Companies would also be required to disclose the chemicals used and acquire permits before they start hydraulic fracturing, or fracking. The rules go into effect in 2015, but there will be emergency regulations that companies would have to comply with beginning in January.
Fracking involves pumping huge amounts of water, sand and chemicals into deep rock formations to release oil or natural gas. Other well stimulation techniques use acid to break apart oil-rich formations. While the state oversees oil wells, there have not been specific rules for fracking, which has been going on for decades in California.
Some environmentalists contend the proposed rules don’t go far enough and want a fracking ban until regulators can study whether there are risks to public health.
“We want a timeout,” said Kathryn Phillips, state director of the Sierra Club told the Los Angeles Times (http://lat.ms/I798O5 ) in Saturday’s editions.
“At best, these regulations can be described as a mixed bag,” she said. “At worst, they provide another example of an agency’s continued deference to a regulated entity, even at the expense of public health and the environment.”
Other environmentalists said some oversight is better than none.
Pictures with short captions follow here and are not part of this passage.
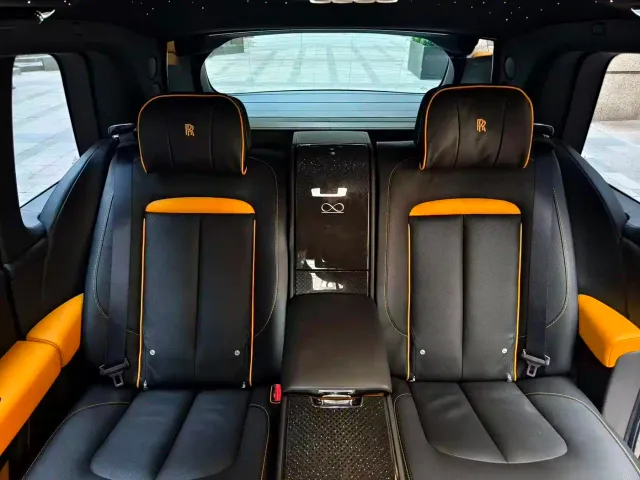 Rolls-Royce Cullinan — Фото автомобиля 6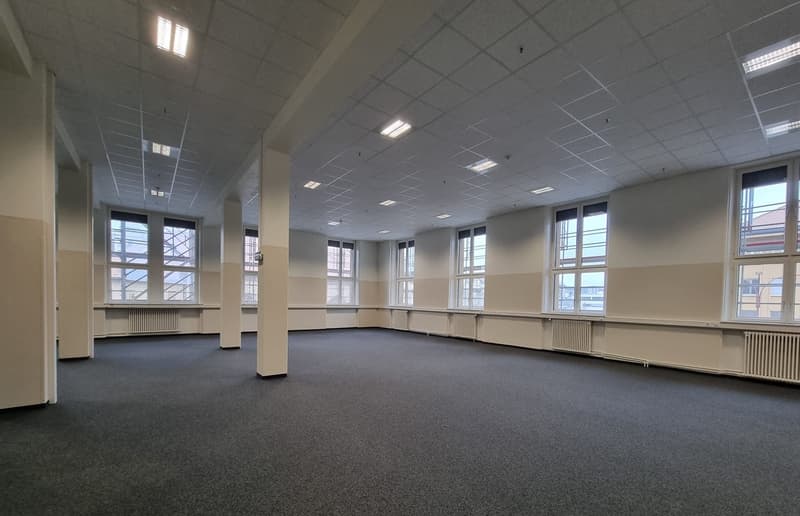 A louer surface de bureaux de 363 m2 avec coin cuisine (3)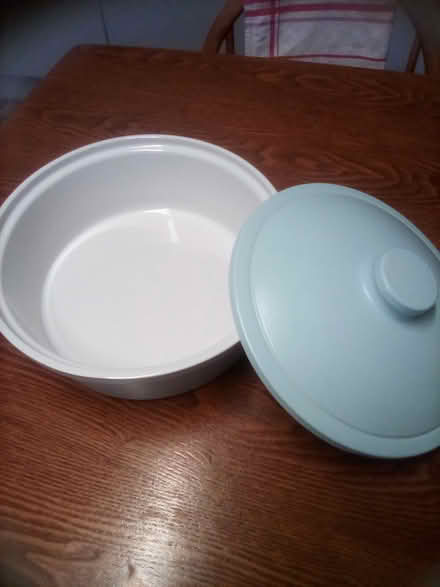 Photo of free Casserole dish (Hedge End SO30) #1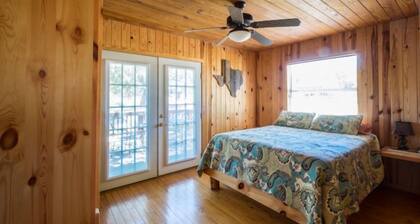 Riverfront Cabins and Vacation Homes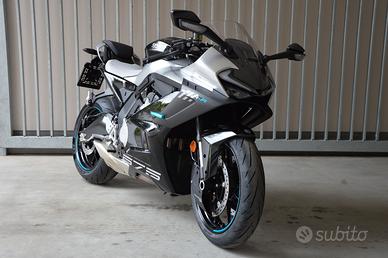 CF MOTO 675 SR-R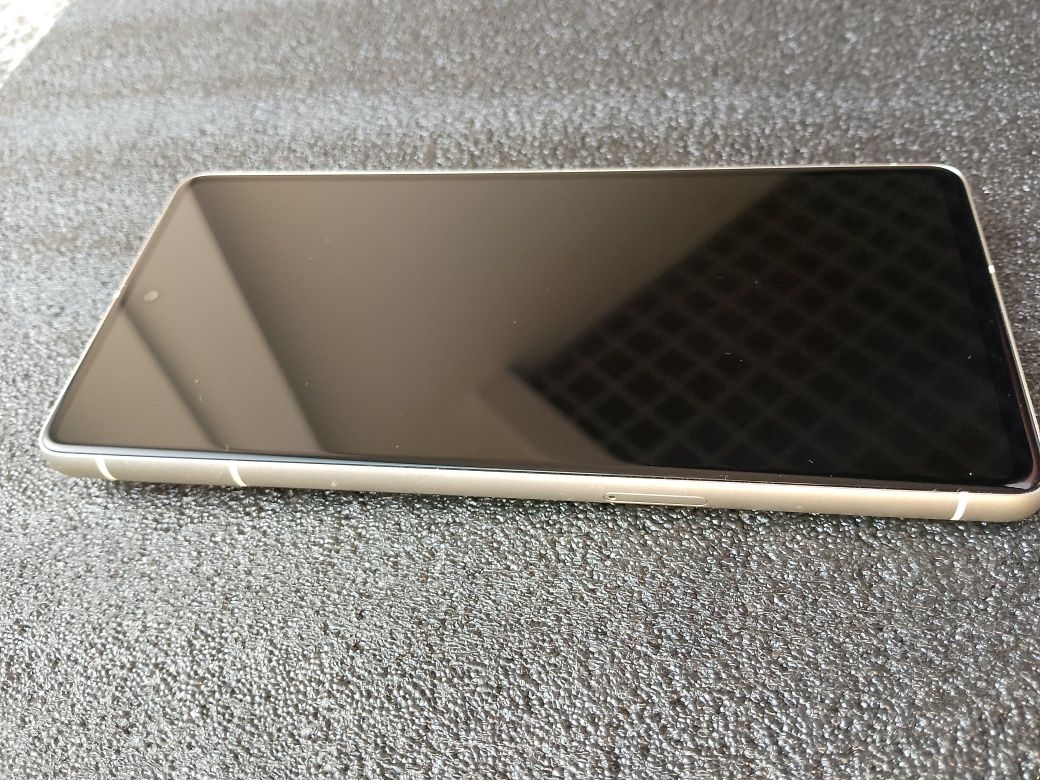 Google pixel 7 8 / 128 EU Європа дисплей "потік"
“There are some good provisions from our very preliminary review,” Bill Allayaud of the Environmental Working Group told the newspaper.
Fracking supporters said the rules provide a framework to explore the Monterey Shale, vast formation that extends from California’s Central Valley farmlands to offshore and could ultimately comprise two-thirds of the nation’s shale oil reserves.
“These regulations are extensive but strike the right balance,” Catherine Reheis-Boyd, president of the Western States Petroleum Association, told the Times.
Under the draft rules, state environmental officials will team with air quality regulators and regional water boards to track potential problems after a job. Wells would also be monitored before and after fracking and some of the chemicals used to stimulate wells would be posted online.
State officials will hold a 60-day public comment period with hearings scheduled in several cities around the same.